Reid began by asking the panel whether they considered themselves "mainstream" or "alt."

"When it comes to categorizing myself, I have always had a problem, because I just feel what I do is comics," said Abadzis. "My main intent is about telling a good story. I don't often think about where that is going to go or how that is going to be marketed."

"I think people in the publishing world think their work is mainstream, and people working in superhero comics in the direct market think that their work is mainstream," Kibuishi said. "Popularity determines what's mainstream, I would consider something like 'The Walking Dead' very mainstream, and our books at Scholastic are mainstream, they had a lot of reach too. I think of my work as mainstream but by definition of the word, and not as a genre."

Cammuso had a different take. "I started out alt, 14 years ago, 15 years ago, in Artists Alleys, doing things like SPX, and then I got swept up by the mainstream," he said.

"Does 'alt' mean virtually unpublished?" Reid asked.

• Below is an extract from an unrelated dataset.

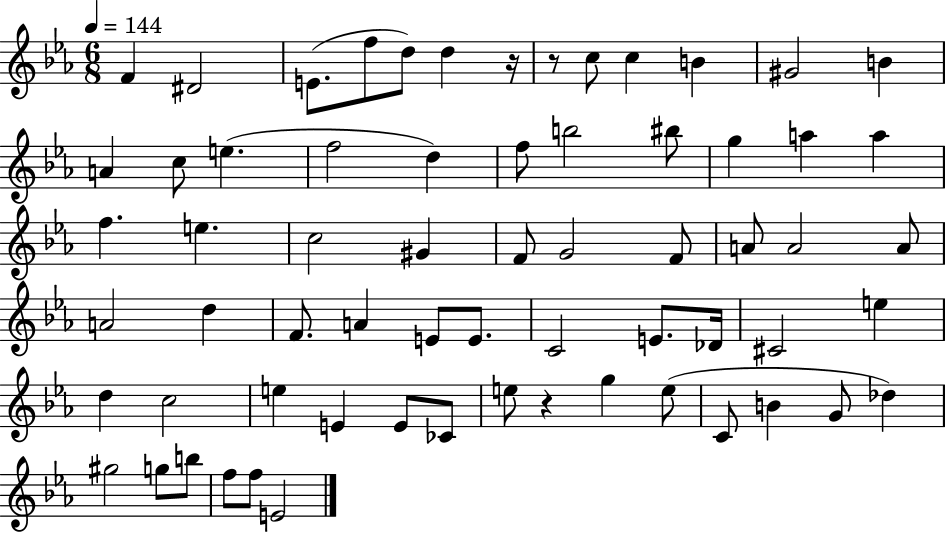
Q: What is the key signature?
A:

"Self-published, basically," Cammuso clarified. "Then I really think the alt market took over. I think people started wanting different genres of comics, and that was alt at that point. Anything that wasn't superheroes was alternative -- in France and other places, that would have been mainstream, but because the mainstream was just superheroes at the time, that was what it was. Deep down I think I was always mainstream, but it was considered [alt] at the time because I draw funny animals."

"I think I have an indy heart," Castellucci said. She previously lived in Montreal, home to publisher Drawn & Quarterly as well as creators as Julie Doucette, Seth and Chester Brown. "To me, they were giants," she said. Her first full-length comic, "The Plain Janes," was published by DC's Minx imprint, which she described as "mainstream but trying to be alternative." Now she does work for First Second, a book publisher, and DC Comics. "I am alt in a mainstream world," she said.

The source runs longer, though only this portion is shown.